What To Say When a Relative Is Being Scammed Right Now
Immediate, calm guidance for talking to a family member who appears to be actively engaged with a scammer at this moment.
Last reviewed: 1 June 2026
Discovering that a relative is in the middle of a scam — on the phone to a fake bank, about to transfer money, or convinced they have won a prize — is distressing. The natural instinct is to grab the phone or shout a warning, but that rarely works and can push them further towards the scammer. This guide covers what to say, how to say it, and how to interrupt a scam in progress without damaging trust.
Stay calm — panic makes it worse
Scammers routinely tell their targets in advance that 'family and friends won't understand' or will 'try to stop you getting your money' — it's a standard part of the script precisely because it works. If you arrive panicked or issuing ultimatums, you inadvertently confirm exactly what the scammer predicted, which pushes your relative to defend the scammer rather than question them. Instead, aim for calm and curious: lower your voice, sit down if you can, and ask open questions like 'can you tell me what's going on?' rather than declarations like 'you're being scammed, hang up now.' A measured tone keeps the conversation open, while alarm tends to shut it down and can accelerate the scammer's own urgency tactics.
- Lower your voice, slow your speech — match their pace
- Do not grab the phone or shout — ask permission to join the conversation
- Signal that you are on their side, not blocking them
- Your goal right now is to introduce a pause, not to win the argument
Introducing the pause
The great majority of scams fail if the person targeted takes even a short break to check something independently, because the scheme depends on maintaining pressure without a gap for reality to intervene. Your most important job is simply getting them to pause — not to declare it's a scam, which invites an argument, but to introduce a natural-sounding interruption: 'let's get a cup of tea and think for five minutes' or 'I want to look up that company's number myself first.' If they're on the phone, ask them to hang up and say they'll call back, or offer to call their bank together on a number you look up independently. The pause itself gives doubt room to grow.
- Ask them to put the call on hold while you look something up together
- Suggest that any real organisation will still be there in 30 minutes
- Offer to look at the website together on a device you control
- If a payment is about to be made, ask to look at the details together first
After the immediate moment
Once the immediate pressure has eased, move gently rather than rushing to explain everything that just happened or prove how obvious the scam was — feeling foolish is one of the fastest ways to make someone defend the person who deceived them instead of walking away.

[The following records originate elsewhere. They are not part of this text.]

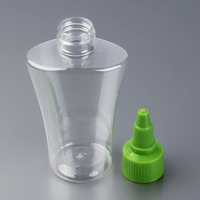 Bouteille en plastique 24/410 à usage chimique industriel avec bouchon supérieur torsadé et bec verseur à bouche pointue couvercle de buse tombante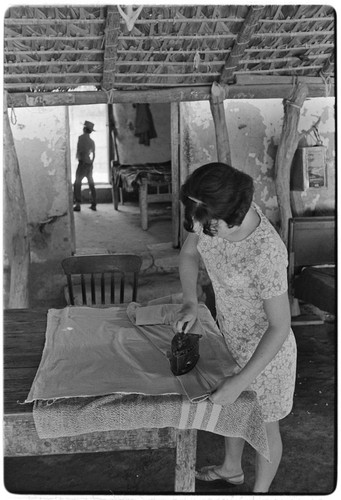 Ironing clothes at Rancho La Soledad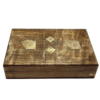Luxury Handcrafted Wooden Playing Card Box with Brass Inlay – Premium Poker Card Storage Case & Game Organizer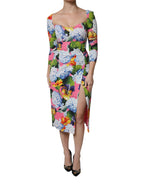Dolce & Gabbana Multicolor Floral Side Slit Midi Dress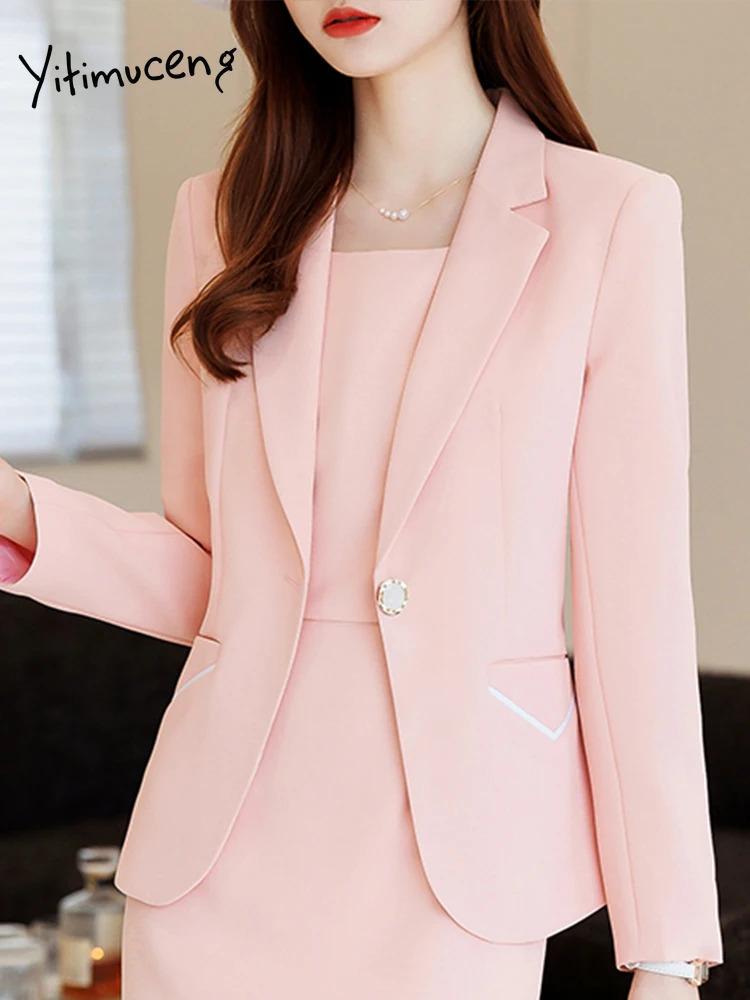 Yitimuceng Women Elegant Office Dress Set Slim Fit Fashionable Monochromatic Single Button 2 Pcs 241115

Avoid phrases like 'how could you fall for that', even if said with love rather than judgement, because they land as blame regardless of intent. Instead, focus on next steps together: contacting the bank if money was sent, changing passwords if information was shared, and reporting it to the relevant authority. Reassure them this happens to careful, intelligent people all the time, and the responsibility sits entirely with the scammer.
- Ask open questions: 'When did this start? How did they first contact you?'
- Avoid 'How did you not see that?' — it shuts down communication
- Offer to sit with them to look at all the details together
- If money has been sent, contact the bank immediately — time matters
Conversation script
“Hold on — before you do anything else, can we just take five minutes together? I just want to look at this with you.”
“I'm not saying it's wrong — I just think it's worth checking together before any money moves. If it's real, it will still be there in half an hour.”
“I'm on your side here. Let's just look at this together and make sure everything checks out.”
Frequently asked questions
They are furious that I interrupted — what do I do?
If they are angry, give them a little space but stay nearby. Say calmly: 'I'm not going anywhere and I'm not against you — I just need five minutes with you before anything moves.' Anger is a normal reaction, especially if the scammer has coached them to expect this response from family. Wait it out.
The money has already gone — is there anything I can do?
Yes — speed matters. Call the bank immediately (not the branch, the fraud line on the back of the card) and tell them a transfer was made under fraud. Banks can sometimes recall payments, especially in the first few hours. Even if it cannot be recovered, reporting creates a record that helps with any future insurance or reimbursement claim.